(DATA Opens)

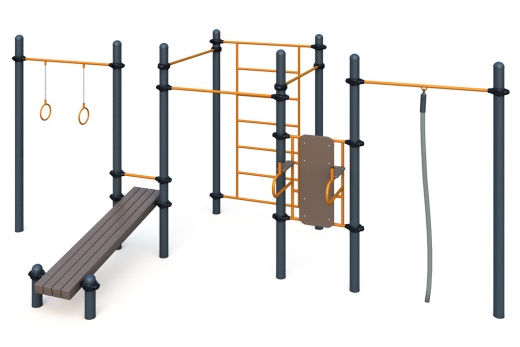 Гимнастические кольца,три турника классического хвата,канат,шведская стенка,брусья,лавка для упражнения на пресс наклонная W-01-010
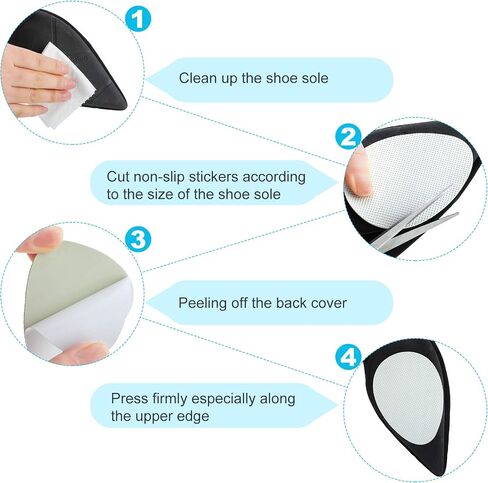 16 Pieces Non Skid Shoe Pads Self Adhesive Anti Slip Shoe Grips Noise Reduction Cushion Anti Shedding Rubber Sole Protector (White, Simple Style) in Saudi Arabia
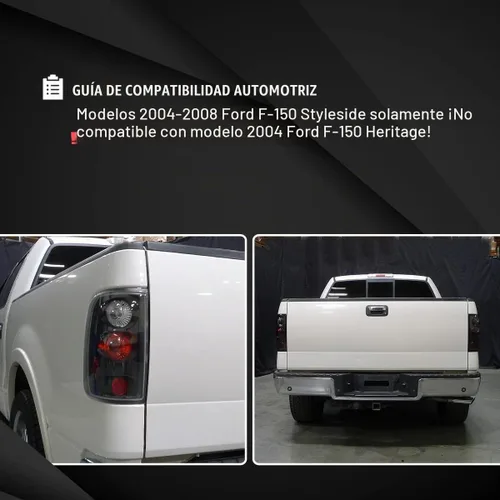 Vista 5 de Autozensation Compatible con Ford F150 F-150 Styleside 2004-2008, conjunto de lámparas traseras izquierda + derecha, carcasa negra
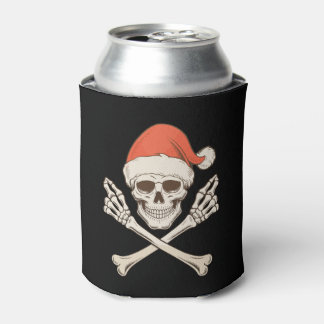 Christmas Skeleton Skull Santa Hat Xmas Holiday Can Cooler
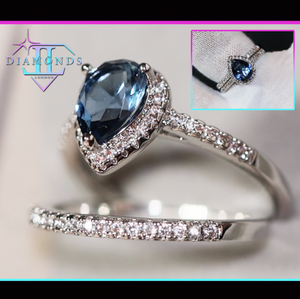 blue diamond wedding ring set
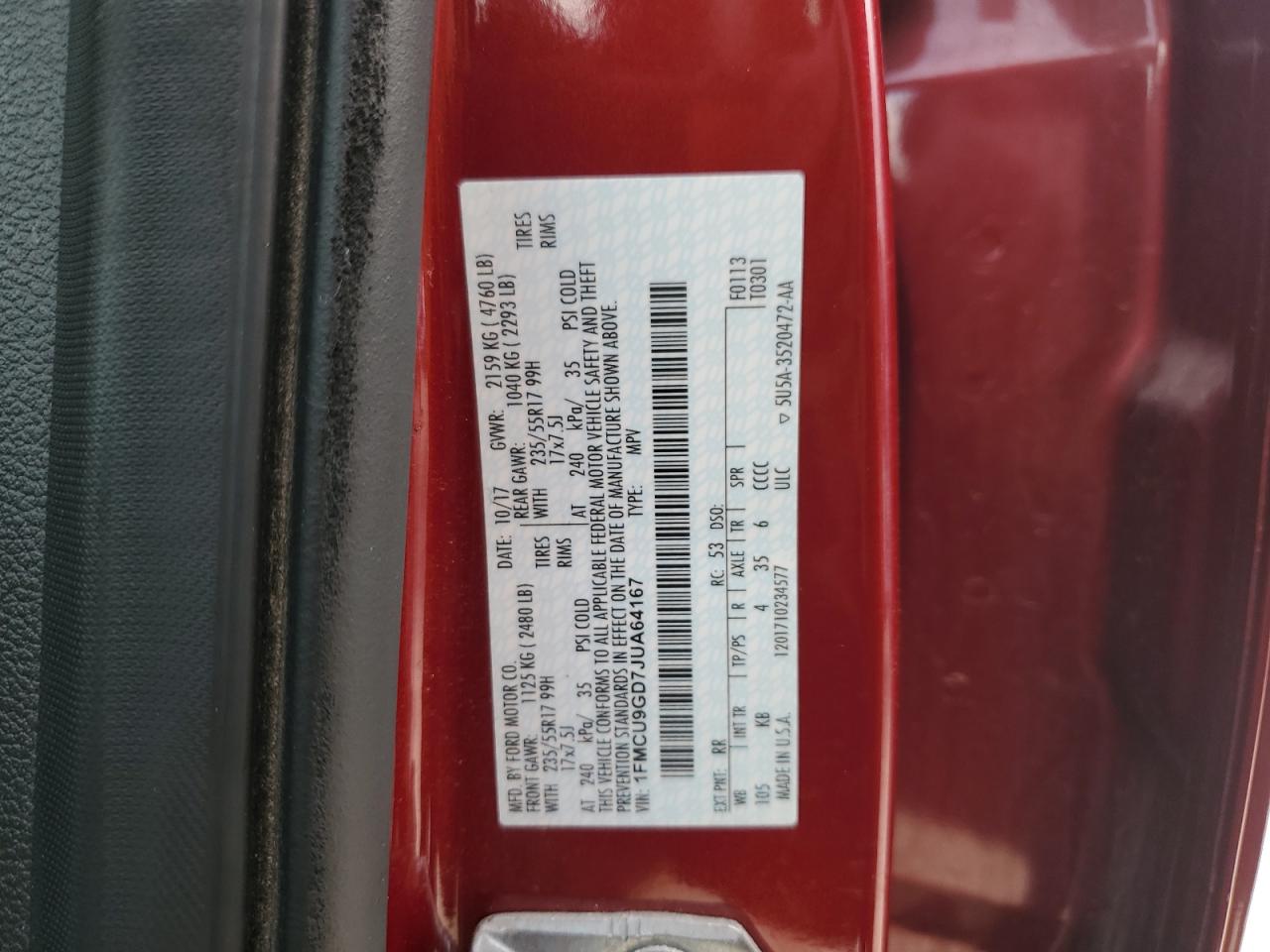 1FMCU9GD7JUA64167 2018 FORD ESCAPE - Image 15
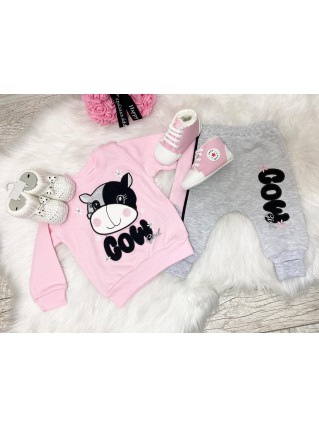 Komplecik COW Różowy 3 miesiące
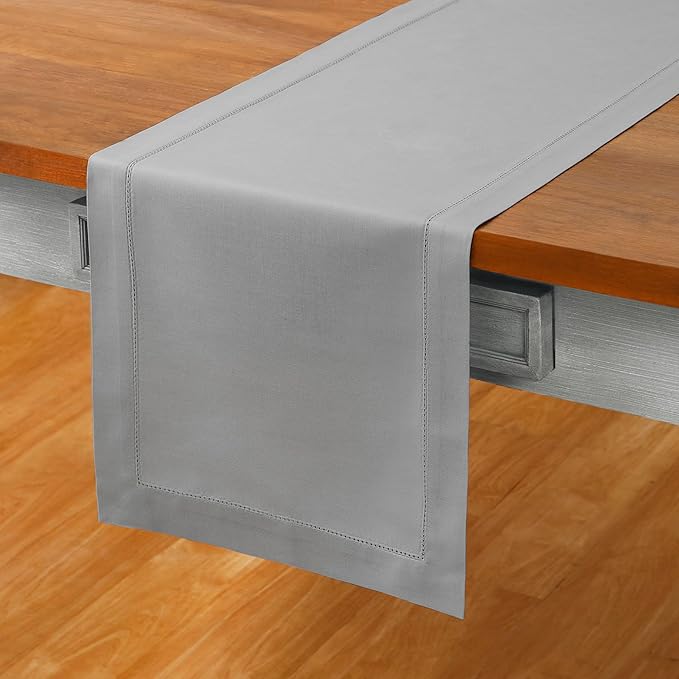 Solino Home Cotton Linen Light Grey Table Runner 132 Inches Long - Hemstitch 14 x 132 Inch Table Runner for Spring, Summer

(DATA Closes)

**EXERCISE GOAL:** Write out, word for word, the lines running from the one containing "16 Pieces Non" to the end of the data above; the pictures are to be left out.

**OUTPUT OF THE EXERCISE:**
 16 Pieces Non Skid Shoe Pads Self Adhesive Anti Slip Shoe Grips Noise Reduction Cushion Anti Shedding Rubber Sole Protector (White, Simple Style) in Saudi Arabia
 Vista 5 de Autozensation Compatible con Ford F150 F-150 Styleside 2004-2008, conjunto de lámparas traseras izquierda + derecha, carcasa negra
 Christmas Skeleton Skull Santa Hat Xmas Holiday Can Cooler
 blue diamond wedding ring set
 1FMCU9GD7JUA64167 2018 FORD ESCAPE - Image 15
 Komplecik COW Różowy 3 miesiące
 Solino Home Cotton Linen Light Grey Table Runner 132 Inches Long - Hemstitch 14 x 132 Inch Table Runner for Spring, Summer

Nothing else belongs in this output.